[Opening RECORDS FOR THE TASK section]

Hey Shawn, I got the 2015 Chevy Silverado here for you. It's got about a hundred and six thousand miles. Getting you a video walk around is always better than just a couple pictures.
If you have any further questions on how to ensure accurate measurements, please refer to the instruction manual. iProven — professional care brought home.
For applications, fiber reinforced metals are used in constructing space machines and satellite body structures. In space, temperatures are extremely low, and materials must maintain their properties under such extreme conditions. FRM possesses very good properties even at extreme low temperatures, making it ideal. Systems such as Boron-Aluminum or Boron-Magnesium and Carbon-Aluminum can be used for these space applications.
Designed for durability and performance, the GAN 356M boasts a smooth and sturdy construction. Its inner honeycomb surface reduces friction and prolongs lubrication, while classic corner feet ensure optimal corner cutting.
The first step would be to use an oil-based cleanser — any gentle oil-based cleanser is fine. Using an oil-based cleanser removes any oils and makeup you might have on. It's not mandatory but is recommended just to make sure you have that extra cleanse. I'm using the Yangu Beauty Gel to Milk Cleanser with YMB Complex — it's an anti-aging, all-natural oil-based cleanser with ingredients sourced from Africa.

[Closing RECORDS FOR THE TASK section]
[Opening RECORDS FOR THE TASK section]

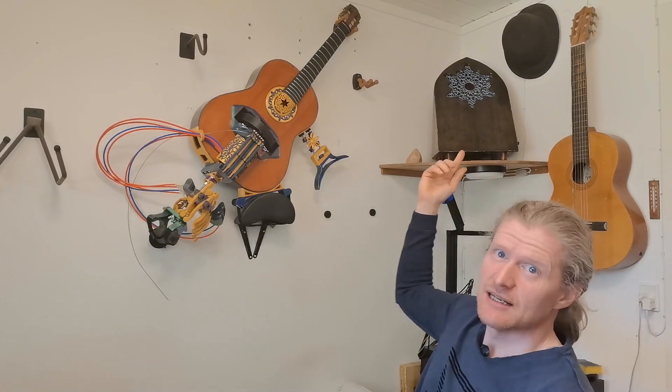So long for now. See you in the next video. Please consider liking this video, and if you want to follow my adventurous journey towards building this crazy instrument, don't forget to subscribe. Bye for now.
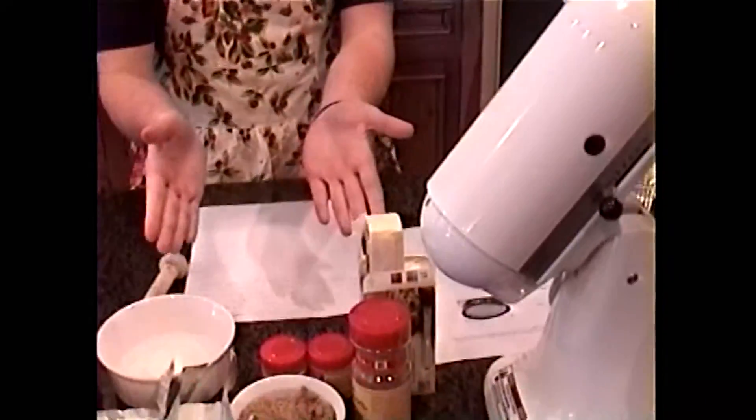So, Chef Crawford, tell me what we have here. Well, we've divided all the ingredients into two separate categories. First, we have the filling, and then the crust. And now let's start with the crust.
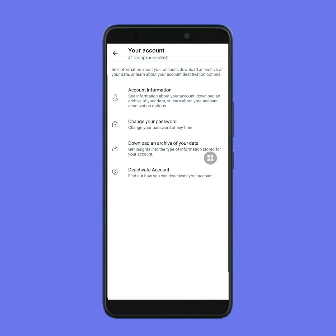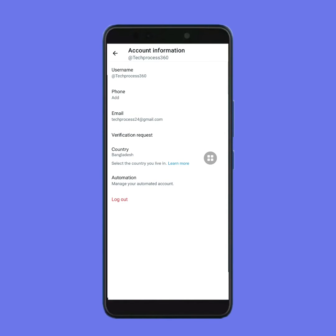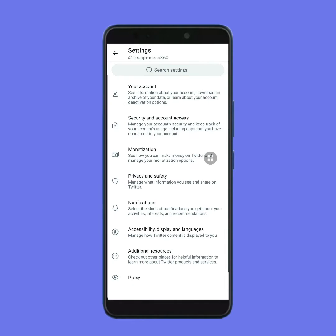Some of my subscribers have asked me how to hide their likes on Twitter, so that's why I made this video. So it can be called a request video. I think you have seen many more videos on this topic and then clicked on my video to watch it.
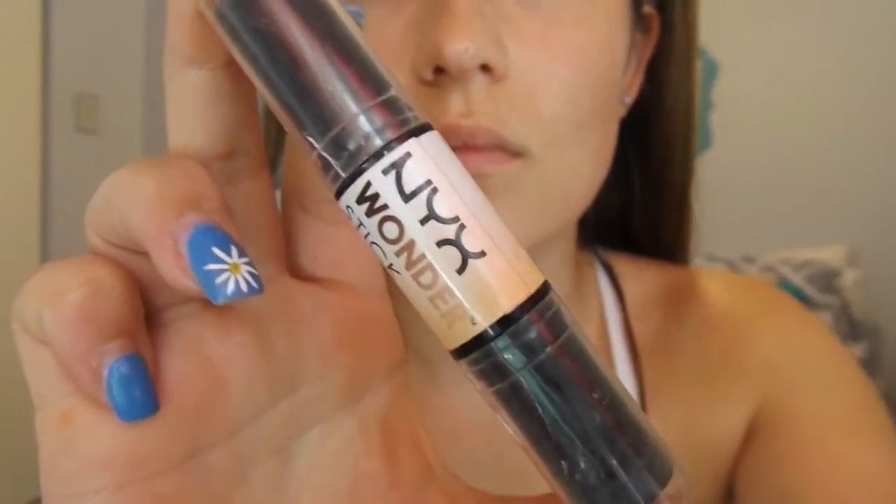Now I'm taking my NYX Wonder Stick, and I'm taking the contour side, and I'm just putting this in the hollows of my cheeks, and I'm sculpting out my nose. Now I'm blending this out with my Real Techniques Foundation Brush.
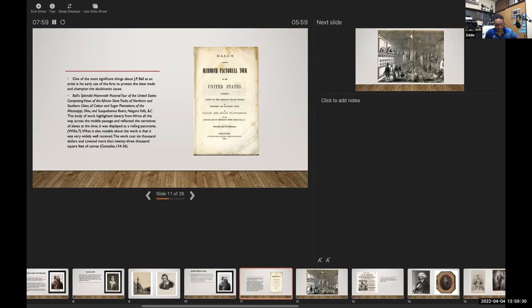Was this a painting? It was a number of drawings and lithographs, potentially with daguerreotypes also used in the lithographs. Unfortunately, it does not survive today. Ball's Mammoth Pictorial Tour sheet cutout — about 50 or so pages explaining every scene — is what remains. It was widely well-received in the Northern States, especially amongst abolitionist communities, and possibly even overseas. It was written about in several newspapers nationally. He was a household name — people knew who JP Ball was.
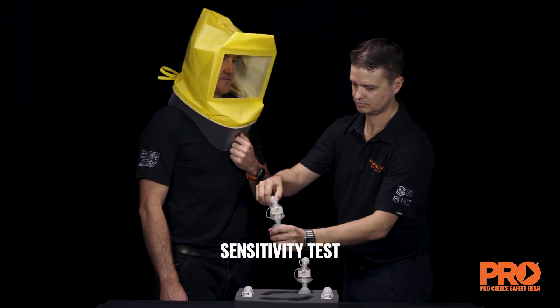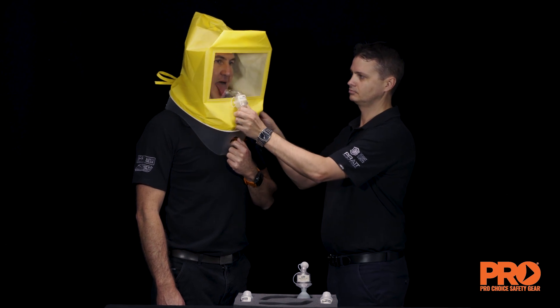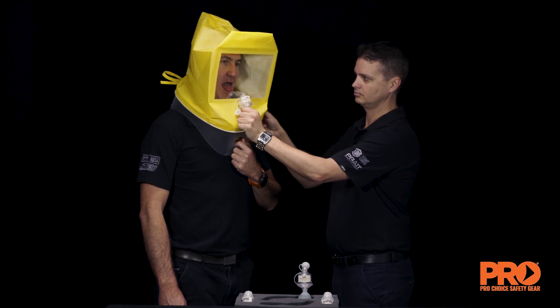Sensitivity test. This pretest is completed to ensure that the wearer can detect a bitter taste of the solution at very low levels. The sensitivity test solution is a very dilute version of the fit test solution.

[Closing RECORDS FOR THE TASK section]
[Opening RECORDS FOR THE TASK section]

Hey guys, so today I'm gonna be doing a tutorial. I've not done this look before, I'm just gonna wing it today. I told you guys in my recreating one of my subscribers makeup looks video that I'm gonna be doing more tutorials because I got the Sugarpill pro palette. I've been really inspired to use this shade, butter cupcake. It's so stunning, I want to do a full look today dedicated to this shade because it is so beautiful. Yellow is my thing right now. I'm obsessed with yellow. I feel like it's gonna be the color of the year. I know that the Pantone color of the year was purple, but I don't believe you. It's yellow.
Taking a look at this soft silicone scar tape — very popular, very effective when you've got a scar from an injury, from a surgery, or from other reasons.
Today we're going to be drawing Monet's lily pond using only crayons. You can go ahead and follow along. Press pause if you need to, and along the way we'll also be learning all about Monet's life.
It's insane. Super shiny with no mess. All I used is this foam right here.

[Closing RECORDS FOR THE TASK section]

Exercise for the records above: copy only the lines from the one with "Some of my subscribers" to the one with "Now I'm taking", both ends kept, and drop the pictures.

Some of my subscribers have asked me how to hide their likes on Twitter, so that's why I made this video. So it can be called a request video. I think you have seen many more videos on this topic and then clicked on my video to watch it.
Now I'm taking my NYX Wonder Stick, and I'm taking the contour side, and I'm just putting this in the hollows of my cheeks, and I'm sculpting out my nose. Now I'm blending this out with my Real Techniques Foundation Brush.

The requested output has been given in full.